:: DATA BLOCK ::
*** Begin section ***
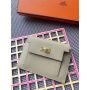 Hermes Kelly Pocket Compact wallet 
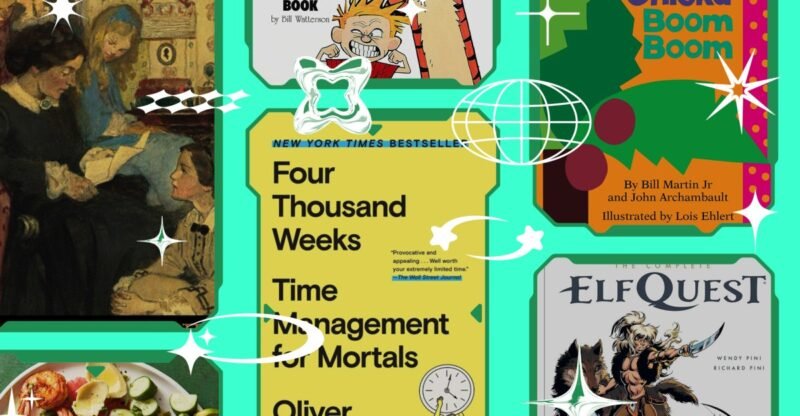 Books That Transformed Us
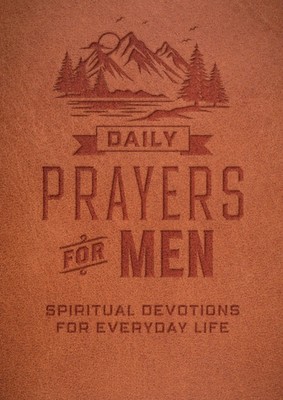 Editors Of Chartwell Books | Daily Prayers for Men | Taschenbuch | Englisch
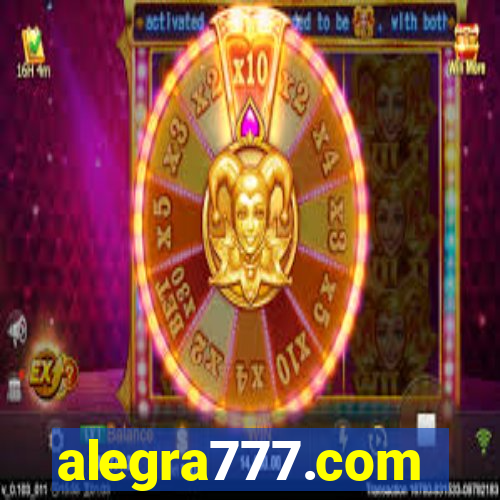 alegra777.com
*** End section ***
Repeat the material above in full and exactly, omitting the pictures.

:: RESULT OF THIS TASK ::
 Hermes Kelly Pocket Compact wallet 
 Books That Transformed Us
 Editors Of Chartwell Books | Daily Prayers for Men | Taschenbuch | Englisch
 alegra777.com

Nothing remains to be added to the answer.